一般に、学会での立場を気にするタイプの人は、教科書調査官に向いていないと思う。学会フロアで年に数回顔を合わせる「同僚学者」やその弟子たちが書いた記述に意見を付けることをひどくためらうからだ。こうした、間違って調査官になったような人は、できるだけ早く、文科省が人事権を握る大学、研究機関ないし省内の別のポジション(私の時代で言えば、いくつかの国立教育大学や特定の私立大学、「教育課程の基準設定に関する調査」などに当たる一字違いの教科調査官などがそれに当たった)に移ってもらうべきだと思う。当人もその方が特性を活かせるだろう。
今回問題になった高校教科書の場合は、とりわけ検定について消極意見が通りやすい。小中学校は、義務教育であり、児童生徒の発達段階に照らしても、教科書は当然検定の対象になる。そのことに、文科省職員で異論のある人はまずいないだろう。
一方、大学の教員が講義で使う「教科書」は各自が自由に決められる。文科省の検定が入る余地はない。この点も誰も異論はないだろう。ではその中間、義務教育ではなく、心身ともにかなり発達はしているが、まだ児童福祉法上の「児童」(18才未満)に当たる高校生向けの教科書はどうなのか。

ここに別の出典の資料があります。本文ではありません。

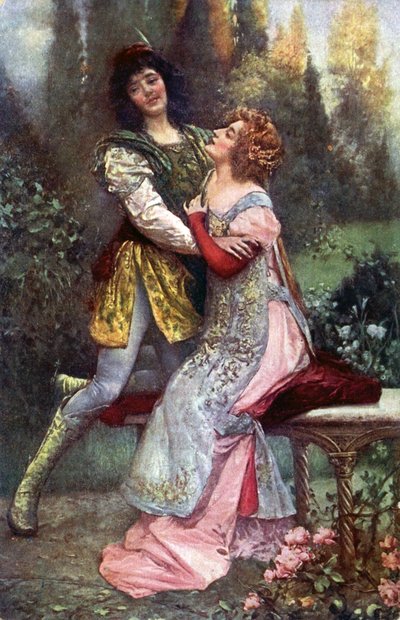 Letteratura. Francesca da Rimini e Paolo Malatesta. Illustrazione ispirata da S. Postiglione in: La Divina Commedia, di Dante Alighieri, Repubblica Ceca, c.1910 (cartolina) da Salvatore Postiglione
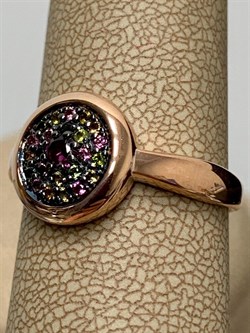 *Кольцо р.19 Турмалины Урал арт. К1527Ю/Ag-607/6/9ПОЗ-733 вес 2,87 г - фото 239042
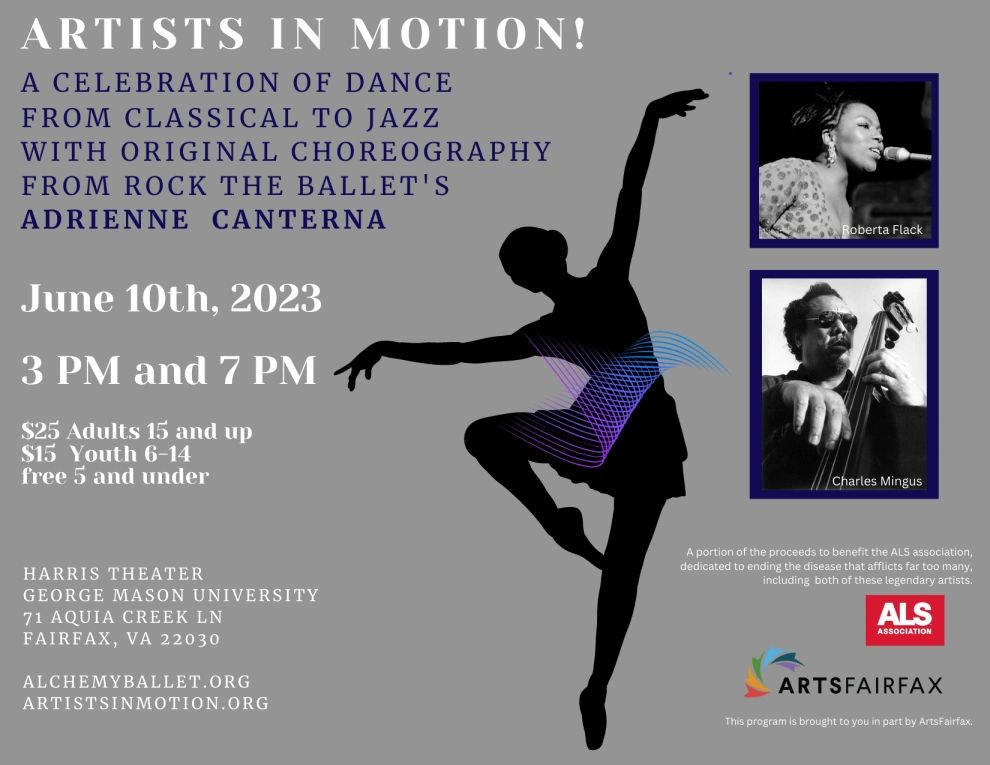 Dance event "Artists in Motion!" celebrating classical to jazz with choreography by Adrienne Canterna on June 10, 2023.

文科省内でも、消極検定派ほど、高校教科書は検定の対象外でよいとの考えに傾いていたように思う。そもそも検定の必要がないと考えているわけだから、検定内容が甘くなるのも当然だ。
最後に検定審議会委員の役割について触れておこう。先に挙げた帝国、山川、東書などの記述は、仮に調査官が「検定意見なし」と起案しても、審議会委員が意見を付けるよう強く主張すべきだった。それがなかったのは、審議会委員の人選に問題があるということだ。
審議会の席上で一度主張したくらいでは聞き流されて終わりになる。部会でも全体会議でも執拗に主張し、首尾よく検定意見となった後も、執拗に「直し具合」をチェックせねばならない。それを厭わぬ保守派の論客が数人審議会に入るなら、事態は改善されるだろう。論客とは、特に、文科省内消極派が繰り出す「前回と同じ記述だから」という切り札的言い訳を、「状況が変わった」その他の切り返しで論破できるという意味である。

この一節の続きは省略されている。